Viewing a single comment thread. View all comments

ivan_kudryavtsev t1_j3pssyp wrote

Why so? GPUs are passed to VM in a pass-through mode, so no significant performance pitfails must happen. I recommend OP to look at CPU %steal, nvidia-smi (maybe it is A100 1/7 shard, not a full GPU). Run a single and multithreaded sysbench to compare CPU and RAM. Also, PCI-E generation or deficated bandwidth can be outperforming on your hardware if a cloud provider uses a not well-balanced custom build.

2

Infamous_Age_7731 OP t1_j3qy6qv wrote

> multithreaded
>
>sysbench
>
> to compare CPU and RAM

Thanks a lot for your input! I checked the CPU %steal it seems optimal ranging from 0.0 to 0.1st. Then, I don't think it's a shard since in the NVIDIA I have the full 80Gb memory at my disposal (unless they do some trickeries). I did a series of `sysbench tests and I found out that the VM's CPU is slightly worse for single-thread performance, but what is more astounding is the RAM speed. For 1 or 8 threads the write is 0.8x slower and the read is 1.5x slower.
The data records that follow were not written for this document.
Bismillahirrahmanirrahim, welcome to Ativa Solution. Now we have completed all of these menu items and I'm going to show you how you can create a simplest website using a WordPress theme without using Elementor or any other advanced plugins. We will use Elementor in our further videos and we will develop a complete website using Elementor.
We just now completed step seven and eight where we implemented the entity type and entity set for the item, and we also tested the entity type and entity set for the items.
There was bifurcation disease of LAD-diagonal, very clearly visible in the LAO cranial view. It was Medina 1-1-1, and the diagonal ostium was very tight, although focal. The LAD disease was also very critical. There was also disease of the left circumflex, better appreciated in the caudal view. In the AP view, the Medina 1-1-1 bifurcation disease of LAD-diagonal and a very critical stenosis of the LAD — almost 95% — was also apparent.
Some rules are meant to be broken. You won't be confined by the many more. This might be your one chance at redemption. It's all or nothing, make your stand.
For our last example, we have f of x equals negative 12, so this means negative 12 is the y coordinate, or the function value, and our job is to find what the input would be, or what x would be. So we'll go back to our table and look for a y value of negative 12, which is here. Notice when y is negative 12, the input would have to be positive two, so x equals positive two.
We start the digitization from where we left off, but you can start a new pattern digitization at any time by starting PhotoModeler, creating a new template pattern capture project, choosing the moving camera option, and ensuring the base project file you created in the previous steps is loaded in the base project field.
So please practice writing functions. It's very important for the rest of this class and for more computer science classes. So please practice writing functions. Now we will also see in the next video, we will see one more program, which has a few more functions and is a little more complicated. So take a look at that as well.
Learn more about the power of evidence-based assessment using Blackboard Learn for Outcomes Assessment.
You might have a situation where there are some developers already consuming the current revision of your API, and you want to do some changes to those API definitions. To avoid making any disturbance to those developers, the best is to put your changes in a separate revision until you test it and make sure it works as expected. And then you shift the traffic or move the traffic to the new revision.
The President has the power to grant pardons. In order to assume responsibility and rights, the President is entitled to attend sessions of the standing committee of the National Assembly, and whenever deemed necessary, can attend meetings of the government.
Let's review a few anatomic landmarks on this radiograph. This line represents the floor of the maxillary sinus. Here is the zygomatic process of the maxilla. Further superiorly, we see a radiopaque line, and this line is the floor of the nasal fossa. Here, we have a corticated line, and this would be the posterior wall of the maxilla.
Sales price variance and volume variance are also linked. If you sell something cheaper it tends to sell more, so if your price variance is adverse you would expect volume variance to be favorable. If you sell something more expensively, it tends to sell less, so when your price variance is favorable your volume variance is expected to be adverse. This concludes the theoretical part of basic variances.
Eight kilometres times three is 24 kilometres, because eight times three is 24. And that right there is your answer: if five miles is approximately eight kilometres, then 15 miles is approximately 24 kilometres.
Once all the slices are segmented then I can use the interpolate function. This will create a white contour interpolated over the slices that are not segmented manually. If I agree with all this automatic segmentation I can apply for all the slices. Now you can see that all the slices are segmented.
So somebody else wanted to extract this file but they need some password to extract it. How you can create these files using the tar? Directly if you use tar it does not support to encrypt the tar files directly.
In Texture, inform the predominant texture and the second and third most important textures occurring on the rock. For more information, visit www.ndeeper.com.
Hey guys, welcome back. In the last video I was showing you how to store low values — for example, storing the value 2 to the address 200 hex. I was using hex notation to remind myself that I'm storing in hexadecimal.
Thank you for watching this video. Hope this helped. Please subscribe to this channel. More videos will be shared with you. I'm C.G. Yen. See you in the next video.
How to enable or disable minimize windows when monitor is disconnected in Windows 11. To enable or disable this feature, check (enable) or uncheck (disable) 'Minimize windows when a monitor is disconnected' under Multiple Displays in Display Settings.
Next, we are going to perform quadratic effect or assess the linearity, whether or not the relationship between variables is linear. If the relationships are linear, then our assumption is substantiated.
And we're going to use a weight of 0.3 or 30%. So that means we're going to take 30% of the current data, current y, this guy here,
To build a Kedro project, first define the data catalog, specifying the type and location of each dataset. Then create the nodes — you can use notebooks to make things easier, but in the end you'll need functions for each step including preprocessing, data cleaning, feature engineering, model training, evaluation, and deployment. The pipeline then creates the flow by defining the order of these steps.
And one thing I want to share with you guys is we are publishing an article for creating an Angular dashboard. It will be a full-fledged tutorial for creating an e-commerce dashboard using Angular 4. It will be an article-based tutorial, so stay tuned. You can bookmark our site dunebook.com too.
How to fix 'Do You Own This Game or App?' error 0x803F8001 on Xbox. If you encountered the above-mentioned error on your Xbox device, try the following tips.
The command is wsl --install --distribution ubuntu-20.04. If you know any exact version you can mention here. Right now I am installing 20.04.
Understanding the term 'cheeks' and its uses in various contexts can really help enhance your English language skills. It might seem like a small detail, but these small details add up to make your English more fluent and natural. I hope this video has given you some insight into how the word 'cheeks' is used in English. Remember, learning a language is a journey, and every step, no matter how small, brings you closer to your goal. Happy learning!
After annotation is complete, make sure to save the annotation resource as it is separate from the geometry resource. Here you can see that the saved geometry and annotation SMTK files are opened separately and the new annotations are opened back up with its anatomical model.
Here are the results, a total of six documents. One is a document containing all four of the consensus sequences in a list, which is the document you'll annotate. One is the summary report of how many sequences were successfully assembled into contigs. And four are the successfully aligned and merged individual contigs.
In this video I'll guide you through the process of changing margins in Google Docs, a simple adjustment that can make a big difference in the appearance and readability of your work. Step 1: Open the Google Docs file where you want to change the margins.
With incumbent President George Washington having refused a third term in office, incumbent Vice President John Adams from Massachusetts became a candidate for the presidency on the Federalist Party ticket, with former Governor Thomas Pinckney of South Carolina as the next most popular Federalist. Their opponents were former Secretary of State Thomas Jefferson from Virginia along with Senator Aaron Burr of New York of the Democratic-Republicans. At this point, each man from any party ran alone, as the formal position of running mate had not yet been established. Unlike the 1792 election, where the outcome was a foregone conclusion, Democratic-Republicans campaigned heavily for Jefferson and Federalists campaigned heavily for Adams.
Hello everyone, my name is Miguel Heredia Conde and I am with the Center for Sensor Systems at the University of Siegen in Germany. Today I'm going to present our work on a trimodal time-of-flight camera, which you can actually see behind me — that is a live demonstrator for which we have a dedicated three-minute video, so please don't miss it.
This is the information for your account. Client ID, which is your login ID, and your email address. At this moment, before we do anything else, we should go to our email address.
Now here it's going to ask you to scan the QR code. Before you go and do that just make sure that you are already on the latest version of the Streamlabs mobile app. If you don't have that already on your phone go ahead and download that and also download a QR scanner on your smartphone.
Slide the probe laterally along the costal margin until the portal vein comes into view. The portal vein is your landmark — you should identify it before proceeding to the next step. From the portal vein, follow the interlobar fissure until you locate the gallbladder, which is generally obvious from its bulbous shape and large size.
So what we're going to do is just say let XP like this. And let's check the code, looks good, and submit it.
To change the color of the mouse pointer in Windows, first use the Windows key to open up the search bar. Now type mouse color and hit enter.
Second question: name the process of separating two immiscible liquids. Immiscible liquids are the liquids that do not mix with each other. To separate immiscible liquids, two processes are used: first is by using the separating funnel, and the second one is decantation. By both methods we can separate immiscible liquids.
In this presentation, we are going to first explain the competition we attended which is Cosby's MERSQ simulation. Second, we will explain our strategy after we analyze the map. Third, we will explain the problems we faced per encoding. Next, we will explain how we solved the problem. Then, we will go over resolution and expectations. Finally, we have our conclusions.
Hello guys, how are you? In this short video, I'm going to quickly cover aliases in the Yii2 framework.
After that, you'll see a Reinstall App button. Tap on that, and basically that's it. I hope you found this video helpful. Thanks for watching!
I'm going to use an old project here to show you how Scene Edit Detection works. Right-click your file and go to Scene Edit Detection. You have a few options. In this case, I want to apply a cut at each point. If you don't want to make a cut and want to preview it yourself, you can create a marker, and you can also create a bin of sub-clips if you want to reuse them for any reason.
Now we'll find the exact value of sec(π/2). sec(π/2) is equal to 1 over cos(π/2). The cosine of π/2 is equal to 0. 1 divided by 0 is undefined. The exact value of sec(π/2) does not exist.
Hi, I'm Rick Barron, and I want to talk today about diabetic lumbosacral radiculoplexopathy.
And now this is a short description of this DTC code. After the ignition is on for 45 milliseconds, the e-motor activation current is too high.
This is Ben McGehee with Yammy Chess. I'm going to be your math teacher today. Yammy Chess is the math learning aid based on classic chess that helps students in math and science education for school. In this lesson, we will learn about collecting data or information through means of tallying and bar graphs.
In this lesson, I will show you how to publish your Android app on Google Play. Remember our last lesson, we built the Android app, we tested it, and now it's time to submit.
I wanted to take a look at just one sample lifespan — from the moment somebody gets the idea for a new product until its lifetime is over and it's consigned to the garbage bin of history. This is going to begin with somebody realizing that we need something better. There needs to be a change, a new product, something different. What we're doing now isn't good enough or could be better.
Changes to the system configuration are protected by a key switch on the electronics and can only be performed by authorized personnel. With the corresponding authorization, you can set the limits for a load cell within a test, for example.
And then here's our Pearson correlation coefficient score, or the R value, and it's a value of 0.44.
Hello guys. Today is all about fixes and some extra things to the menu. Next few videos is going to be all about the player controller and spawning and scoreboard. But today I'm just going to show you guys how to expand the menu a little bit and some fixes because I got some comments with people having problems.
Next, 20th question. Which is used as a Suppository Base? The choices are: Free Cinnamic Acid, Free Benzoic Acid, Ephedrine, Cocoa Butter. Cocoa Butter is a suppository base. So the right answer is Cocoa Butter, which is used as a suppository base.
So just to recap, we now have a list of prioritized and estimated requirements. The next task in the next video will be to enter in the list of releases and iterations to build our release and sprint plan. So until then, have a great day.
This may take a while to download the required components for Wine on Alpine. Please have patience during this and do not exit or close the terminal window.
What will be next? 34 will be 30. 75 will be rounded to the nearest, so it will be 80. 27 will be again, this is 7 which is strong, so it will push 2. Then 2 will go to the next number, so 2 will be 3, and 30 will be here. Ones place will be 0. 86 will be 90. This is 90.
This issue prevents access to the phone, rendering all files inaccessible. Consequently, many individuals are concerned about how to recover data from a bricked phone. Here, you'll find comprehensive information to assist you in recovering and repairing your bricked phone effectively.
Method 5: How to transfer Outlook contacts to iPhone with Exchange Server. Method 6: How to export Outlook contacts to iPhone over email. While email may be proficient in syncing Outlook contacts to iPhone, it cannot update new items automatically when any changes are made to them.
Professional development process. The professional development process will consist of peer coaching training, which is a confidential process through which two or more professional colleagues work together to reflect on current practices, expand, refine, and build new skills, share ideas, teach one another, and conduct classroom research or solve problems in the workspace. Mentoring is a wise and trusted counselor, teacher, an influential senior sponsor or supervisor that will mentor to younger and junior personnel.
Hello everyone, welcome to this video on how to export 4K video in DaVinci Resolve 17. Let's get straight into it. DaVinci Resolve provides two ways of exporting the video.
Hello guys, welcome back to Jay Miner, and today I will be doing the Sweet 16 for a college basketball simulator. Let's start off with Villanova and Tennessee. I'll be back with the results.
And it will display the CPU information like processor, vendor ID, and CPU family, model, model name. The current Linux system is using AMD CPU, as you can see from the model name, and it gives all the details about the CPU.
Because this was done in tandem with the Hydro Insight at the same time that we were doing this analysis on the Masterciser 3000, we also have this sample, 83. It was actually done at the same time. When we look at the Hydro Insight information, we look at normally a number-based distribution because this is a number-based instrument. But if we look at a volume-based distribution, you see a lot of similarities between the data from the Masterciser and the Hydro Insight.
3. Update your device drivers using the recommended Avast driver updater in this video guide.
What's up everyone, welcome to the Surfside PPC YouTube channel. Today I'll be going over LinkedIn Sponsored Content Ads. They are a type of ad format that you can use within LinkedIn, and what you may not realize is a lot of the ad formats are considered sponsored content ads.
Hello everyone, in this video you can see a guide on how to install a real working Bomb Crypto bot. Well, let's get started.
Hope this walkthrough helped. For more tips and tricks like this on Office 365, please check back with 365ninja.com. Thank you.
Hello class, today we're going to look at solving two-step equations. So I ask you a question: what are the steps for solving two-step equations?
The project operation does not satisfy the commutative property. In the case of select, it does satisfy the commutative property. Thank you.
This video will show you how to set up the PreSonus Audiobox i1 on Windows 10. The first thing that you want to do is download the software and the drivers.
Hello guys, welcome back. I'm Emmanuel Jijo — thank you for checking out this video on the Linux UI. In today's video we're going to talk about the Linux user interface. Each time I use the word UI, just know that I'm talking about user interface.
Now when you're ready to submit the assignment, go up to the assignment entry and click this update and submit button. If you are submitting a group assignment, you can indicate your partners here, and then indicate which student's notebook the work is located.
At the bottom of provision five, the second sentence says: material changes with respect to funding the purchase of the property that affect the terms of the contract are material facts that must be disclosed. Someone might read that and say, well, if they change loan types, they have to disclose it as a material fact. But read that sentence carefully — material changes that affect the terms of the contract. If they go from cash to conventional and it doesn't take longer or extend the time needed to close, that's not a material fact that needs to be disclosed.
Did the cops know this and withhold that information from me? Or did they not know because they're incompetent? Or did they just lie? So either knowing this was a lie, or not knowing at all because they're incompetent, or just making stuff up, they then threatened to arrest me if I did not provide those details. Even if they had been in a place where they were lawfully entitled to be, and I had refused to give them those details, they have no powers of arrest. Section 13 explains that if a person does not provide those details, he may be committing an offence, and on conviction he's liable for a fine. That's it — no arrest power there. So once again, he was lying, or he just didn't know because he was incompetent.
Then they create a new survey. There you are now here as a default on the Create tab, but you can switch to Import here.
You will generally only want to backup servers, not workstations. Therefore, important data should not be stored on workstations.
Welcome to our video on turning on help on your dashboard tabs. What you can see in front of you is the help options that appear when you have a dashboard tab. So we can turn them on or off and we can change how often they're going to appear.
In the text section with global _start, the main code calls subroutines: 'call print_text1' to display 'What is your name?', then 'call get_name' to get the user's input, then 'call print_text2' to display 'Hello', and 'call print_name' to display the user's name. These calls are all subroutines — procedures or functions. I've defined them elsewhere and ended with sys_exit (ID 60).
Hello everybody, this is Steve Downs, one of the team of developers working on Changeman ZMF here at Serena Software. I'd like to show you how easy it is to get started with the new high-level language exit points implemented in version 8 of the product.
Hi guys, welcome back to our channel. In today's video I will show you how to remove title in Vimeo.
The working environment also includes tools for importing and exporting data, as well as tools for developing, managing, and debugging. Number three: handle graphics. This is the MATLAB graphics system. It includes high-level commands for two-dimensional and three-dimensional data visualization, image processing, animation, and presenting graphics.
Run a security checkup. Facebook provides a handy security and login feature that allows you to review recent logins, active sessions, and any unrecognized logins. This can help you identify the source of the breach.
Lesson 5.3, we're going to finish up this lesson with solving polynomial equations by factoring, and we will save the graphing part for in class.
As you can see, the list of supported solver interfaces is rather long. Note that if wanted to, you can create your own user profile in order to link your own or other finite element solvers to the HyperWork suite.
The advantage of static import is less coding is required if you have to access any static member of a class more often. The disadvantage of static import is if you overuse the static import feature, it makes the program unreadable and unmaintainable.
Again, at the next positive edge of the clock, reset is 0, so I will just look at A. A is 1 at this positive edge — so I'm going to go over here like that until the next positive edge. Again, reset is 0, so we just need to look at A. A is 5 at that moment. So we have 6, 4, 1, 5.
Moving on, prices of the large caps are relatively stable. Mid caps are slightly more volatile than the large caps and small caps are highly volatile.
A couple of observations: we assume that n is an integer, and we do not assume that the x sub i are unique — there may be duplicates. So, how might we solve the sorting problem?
The Ram speed drop seems to reflect the iteration per second speed drop when I train the model. I guess this might be the fault.

2

qiltb t1_j3rtytt wrote

that doesn't sound weird to me though, servers use much slower ecc ram probably....

1

BellyDancerUrgot t1_j3pw2m2 wrote

Oh I thought maybe he is going for distributed learning since he has access to 2 GPUs. In that case MPI has some overhead simply because it has to replicate, scatter and gather all the gradients per batch every epoch.

1

ivan_kudryavtsev t1_j3q0c02 wrote

>Oh I thought maybe he is going for distributed learning since he has access to 2 GPUs. In that case MPI has some overhead simply because it has to replicate, scatter and gather all the gradients per batch every epoch.

It looks like no; they speculated about the internal design of A100.

1

Infamous_Age_7731 OP t1_j3qrkhp wrote

Yes indeed, I am not doing anything in parallel. I use them separately and I wanted to compare their internal design as you said.

1